Berhubung pas malem ini lagi jaga malam yang tenang di RS, dan kebetulan hujan deres jadi relatif tenang dan ada waktu luang, gw mau berbagi pengalaman tentang sistem rujukan di Indonesia (yang gw tahu). Biasanya, rujukan antar RS dilakukan kalo ada perbedaan fasilitas antara RS asal dengan RS tujuan supaya pasien bisa ditangani dengan lebih lengkap.
Alur proses rujukan antar RS biasanya dimulai dengan penilaian dokter di RS asal untuk menentukan dirujuk atau tidak. Kemudian RS asal menghubungi RS tujuan untuk menanyakan tempat dan menjelaskan maksud rujukan. Apabila RS tujuan sudah menyanggupi menerimanya secara medis, keluarga pasien biasanya membicarakan proses administrasi dengan RS tujuan. Setelah semua beres, barulah pasien dirujuk dengan memakai ambulans. Selain rujukan dengan ambulans, ada juga jenis rujukan (yang kurang etis) yang tidak memakai ambulans atau pasien sekedar dilepas begitu saja, sehingga sering dinamakan rujuk lepas.
Gw sendiri kalo menerima kasus rujukan biasanya menimbang masalah medisnya dulu buat dinilai pasien butuh apa. Kasus rujukan bisa ringan bisa juga berat. Rujukan akan menyenangkan bila dokter di RS asal melaporkan kondisi pasien secara aktual. Kasus sebaliknya misalnya, pasien dilaporkan sadar penuh saat akan berangkat pola nafasnya baik, ternyata saat sampai kesadarannya menurun dan sesak. Apa yang terjadi kemudian? RS tujuan akan marah-marah ke RS asal, IGD kalang kabut, dan ujung-ujungnya pasien terlambat ditangani.
Kasus rujukan yang ngeselin juga adalah kalo pasien bayi (prematur) yang dirujuk ujug-ujug sementara udah dilahirin dengan sesar di RS asal. Padahal, kendaraan yang paling baik untuk merujuk bayi prematur adalah rahim si ibu, jadi sebisa mungkin bayi yang kemungkinan besar akan lahir prematur seharusnya dilahirkan di RS yang memiliki fasilitas perawatan intensif bayi baru lahir.
Berikut ini beberapa jenis rujukan yang ada di Indonesia.

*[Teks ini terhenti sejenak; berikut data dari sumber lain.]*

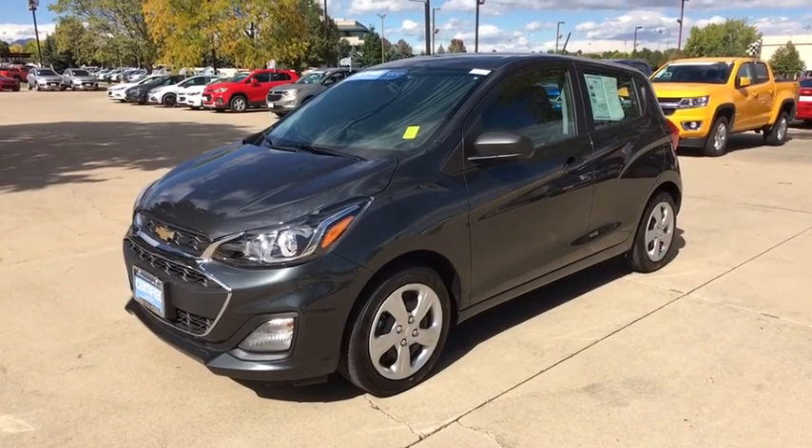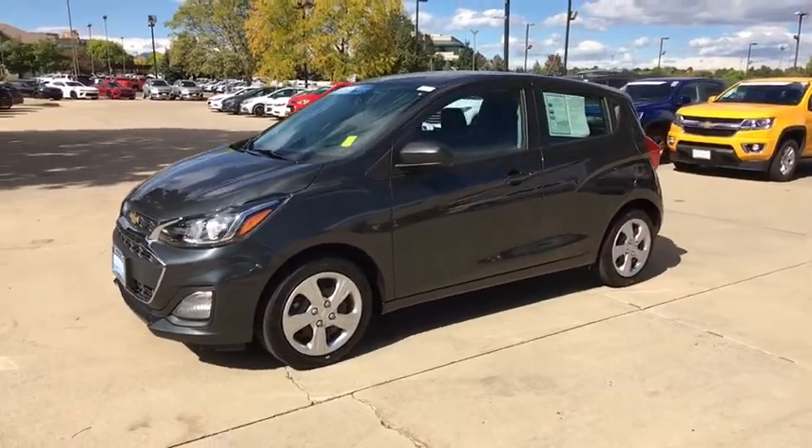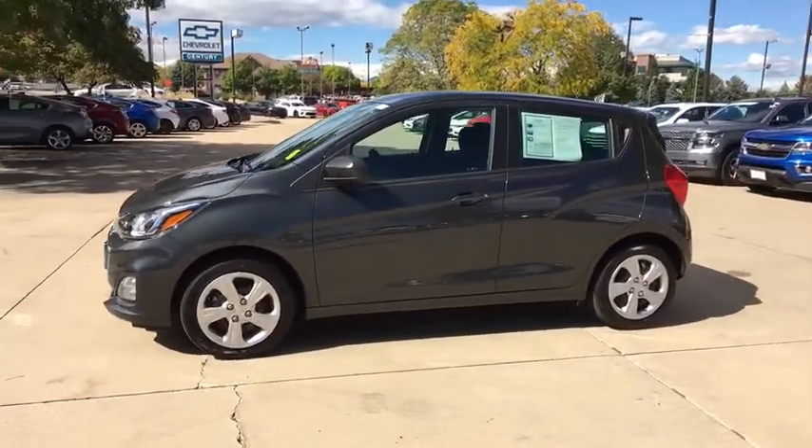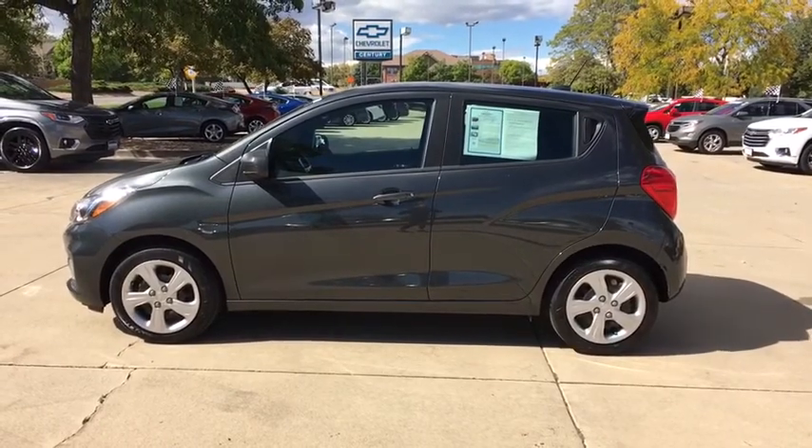2019 Chevrolet Spark. Chevy Spark, Chevrolet's first minicar, offers effortless driving on congested highways and roads with excellent fuel economy. This vehicle has less than 500 miles.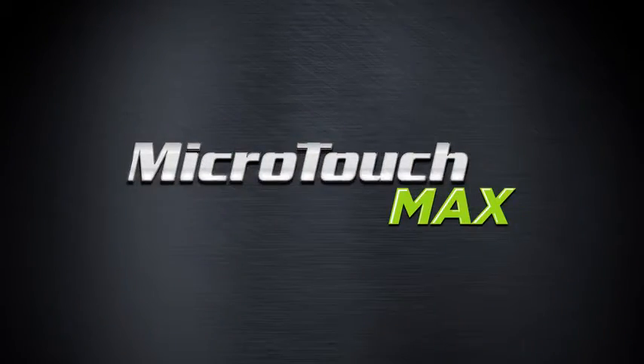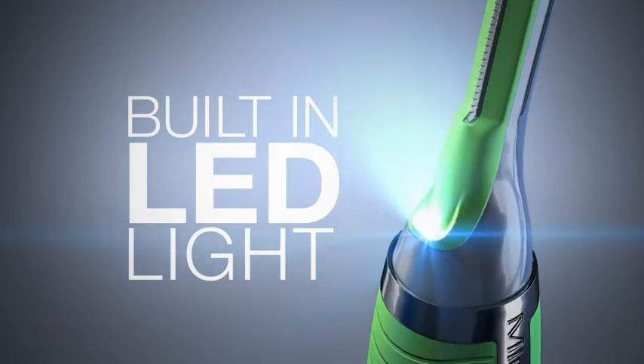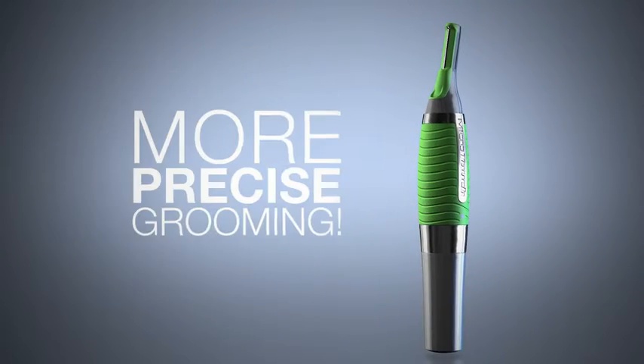If you liked the Microtouch before, you're going to love the all-new Max. The all-new Microtouch Max Precision Hair Trimmer. German stainless steel blades, built-in LED light, and now with 50% more power for more precise grooming for ears, nose, eyebrows, neck and sideburns.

1. Tidak ada/kurang fasilitas
Ini biasanya alasan rujukan yang paling klasik dan sekaligus paling sering. Fasilitas ini bisa macam-macam, dari fasilitas ruangan (ICU, PICU, NICU), tenaga ahli (dokter subspesialis, dokter bedah spesialistik), atau peralatan penunjang (CT scan, USG, kemoterapi, dll). Kalo RS asal menjelaskan dengan benar kondisi pasien dan fasilitas yang dibutuhkan ke RS tujuan dengan benar maka akan memudahkan proses rujukan. Bila tidak, ujung-ujungnya pasien bisa dipingpong kembali ke RS lain yang akhirnya menyusahkan pasien.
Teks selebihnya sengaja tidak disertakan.